AppleがiPhone向けのディスプレイ供給体制を見直す可能性が浮上しています。中国のディスプレイメーカーBOEは、品質問題に直面しており、本来予定されていた供給量に大幅な遅れが生じています。この影響で、AppleはSamsungやLGへの発注を増やす方針に転換したと報じられています。

BOEはiPhone SE 4のディスプレイ供給も担うとされており、その安定供給が確保できるのか注目が集まります。iPhone SE 4は、従来のホームボタンを廃止し、Face IDやOLEDディスプレイを採用するなど、大幅な仕様変更が見込まれています。この供給問題が新モデルの発売にどのような影響を与えるのか、今後の動向が注視されています。

BOEの品質問題とは?iPhone向けディスプレイの製造で何が起きているのか

BOEはこれまでもAppleのiPhone向けOLEDパネル供給に関与してきましたが、現在、深刻な品質問題が発生しています。AppleはiPhone 14、iPhone 15、さらにはiPhone 16シリーズ向けのディスプレイ供給計画を調整せざるを得ず、SamsungやLGへと発注を切り替えています。

問題の中心は、BOEのディスプレイパネルの不良率が高い点にあります。Appleの品質基準を満たさないパネルが多く、特に光漏れや色ムラといったディスプレイの基本性能に関わる部分で基準をクリアできなかったと報じられています。この結果、BOEが当初予定していた約4000万枚の供給計画は大幅に縮小し、2024年以降の出荷は700万~800万枚にとどまっています。

BOEは品質問題の修正に約6週間を要するとされていますが、Appleの厳格な検査基準をクリアするにはさらなる時間がかかる可能性もあります。ディスプレイの供給が滞れば、新機種の製造計画にも影響を与えかねません。特に、Appleが予定しているiPhone SE 4のディスプレイ供給にBOEが関与するとされているため、今後の品質改善がどのように進むのか注目されています。

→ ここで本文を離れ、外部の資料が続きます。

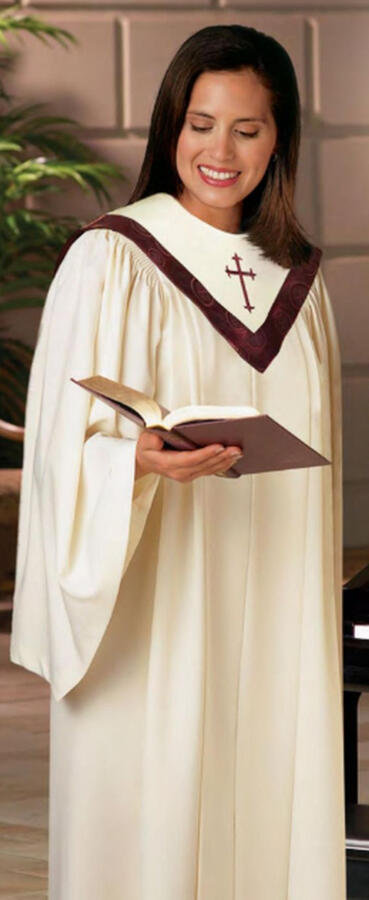 Tempo Hand-Tailored Choir Robe. Simple, classic, graceful lines. Generous front pleats. V-neckline. Open sleeves. 5 color choices. Viva fabric $159.95. (C-50)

iPhone SE 4のディスプレイ供給は本当に問題ないのか

BOEはiPhone SE 4のディスプレイを主要供給元として担当すると見られています。しかし、同社の品質問題を考慮すると、この計画が順調に進むかどうかは不透明な部分もあります。

iPhone SE 4のディスプレイには、LTPS TFT(低温ポリシリコン薄膜トランジスタ)技術が採用されるとみられています。これは、SamsungやLGにとっては優先度の低い技術とされ、BOEがこの製造を引き受ける可能性が高いと考えられています。しかし、BOEが現在進行中のOLEDディスプレイの品質問題を抱えていることを踏まえると、LTPS TFTパネルの生産でも何らかの問題が発生するリスクは否定できません。

さらに、AppleはiPhone SE 4に6.1インチのOLEDディスプレイを採用すると噂されており、BOEの製造能力が再び問われることになります。もし品質問題が長引けば、AppleはSamsungやLGへと発注を切り替える可能性もあります。ただし、iPhone SE 4のディスプレイ需要は通常のiPhoneシリーズと比べて低いため、BOEの供給計画が軌道に乗れば問題なく量産できるかもしれません。

iPhone SE 4はどのような進化を遂げるのか

iPhone SE 4は、シリーズとして大きな変化を迎えるモデルになるとみられています。これまでのSEシリーズは、クラシックなデザインとホームボタンを維持してきましたが、次期モデルではその路線が変更される可能性があります。

現在の情報では、iPhone SE 4はFace IDを搭載し、6.1インチのOLEDディスプレイを採用すると予測されています。これは、従来のiPhone SEシリーズと一線を画す仕様であり、より現行のiPhoneモデルに近いデザインになることを意味します。加えて、Apple独自の5Gモデムが初めて搭載される可能性があり、通信性能の向上も期待されています。

このような進化は、従来のiPhone SEユーザーにとって大きな変化となります。特に、ホームボタンの廃止は賛否が分かれる点かもしれません。一方で、最新のiPhoneに近い仕様を手頃な価格で手に入れられることは、多くのユーザーにとって魅力的な選択肢となるでしょう。BOEの品質問題が解決し、計画通りに供給が進めば、AppleはiPhone SE 4を市場に投入する準備を整えられるはずです。